Gene Wilder era genial cuando estaba tranquilo y sereno. Pero cuando perdía el juicio, era extraordinario.
Wilder, quien a menudo actuó junto a figuras imponentes como Zero Mostel y Richard Pryor, era el personaje serio que solía terminar en una camisa de fuerza. Su enorme rango le permitía pasar de una dulzura apacible a una demencia irracional, y todo lo que hay de por medio.
Wilder murió el 29 de agosto de 2016 en Stamford, Connecticut, de complicaciones relacionadas con la enfermedad de Alzheimer. Tenía 83 años.
Con un cabello rizado indomable, un rostro melancólico y un destello de locura en su mirada, fue un terremoto de neurosis que estremecía parpadeando y sudando antes de quebrarse y pasar a un estado de histeria.
“¡No puedo parar! ¡Estoy histérico!”, gritó como Leo Bloom en “Los productores” cuando el bien planificado fracaso de Broadway se negó a fracasar. Su socio (Mostel) intenta calmarlo echándole un vaso de agua en la cara. Pasa un segundo. “¡Estoy mojado! ¡Estoy mojado! ¡Estoy histérico y mojado!”.
Nacido Jerome Silberman en Milwaukee, Wilder comenzó a actuar para su madre, quien quedó medio paralizada por un ataque cardiaco cuando él tenía seis años, como una manera de entretenerla y alegrarla. Con el tiempo estudió con Lee Strasberg en el Actor’s Studio, pero ese aura inicial – de risa rodeada de oscuridad – nunca lo abandonó.
“Vengan conmigo y entrarán a un mundo de pura imaginación”, cantó en “Willy Wonka y la fábrica de chocolate”. Su Wonka fue de inmediato un clásico inconfundible. Su combinación de encanto y extravagancia, oscuridad y rareza le inyectó vida al relato de Roald Dahl. Su Wonka fue demasiado para los primeros públicos (el filme fue tuvo un buen desempeño en taquilla) pero llegó a ser adorado por su desequilibrada complejidad.

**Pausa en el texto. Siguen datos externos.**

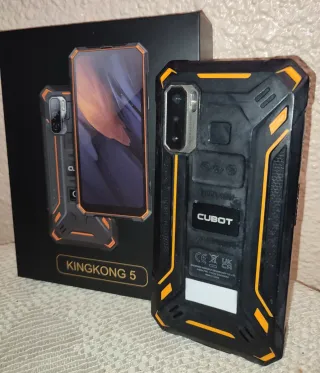 REBAJADO Cubot King Kong 5 Smartphone Ultra resist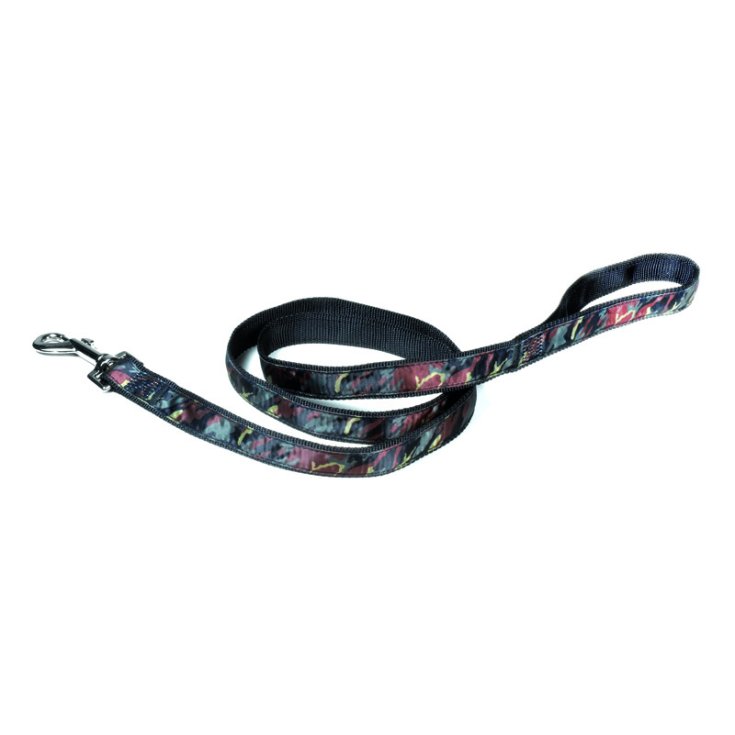 RECORD CAMOUFLAGE LEASH NYLON 2X120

“Soy un actor, no un payaso”, Wilder solía decir.
Sus primeros papeles en la pantalla grande fueron un festín de locura: un director de funeraria secuestrado en “Bonnie y Clyde“, el médico que se enamora de una oveja llamada Daisy en la cinta de Woody Allen “Todo lo que usted quiso saber de sexo y nunca se atrevió a preguntar”.
“Mi exterior tranquilo solía ser una máscara de mi histeria”, dijo a la revista Time en 1970. “Después de siete años de análisis, se convirtió en un hábito”.
El truco de Wilder por los extremos neuróticos, sin embargo, funcionaba solo por su ternura subyacente. Metido de lleno en sus personajes, Wilder era totalmente impredecible.
En “El joven Frankenstein” de Mel Brooks, en la que dio vida al Dr. Frankenstein, ofreció una de sus mejores actuaciones como un científico loco con sus propios demonios y una sensibilidad aguda para pronunciar su apellido. La escena en la que él y su monstruo cantan y bailan al ritmo de “Putting on the Ritz” vestidos de esmoquin, resumiría más que cualquier otra a Wilder en toda su grandeza.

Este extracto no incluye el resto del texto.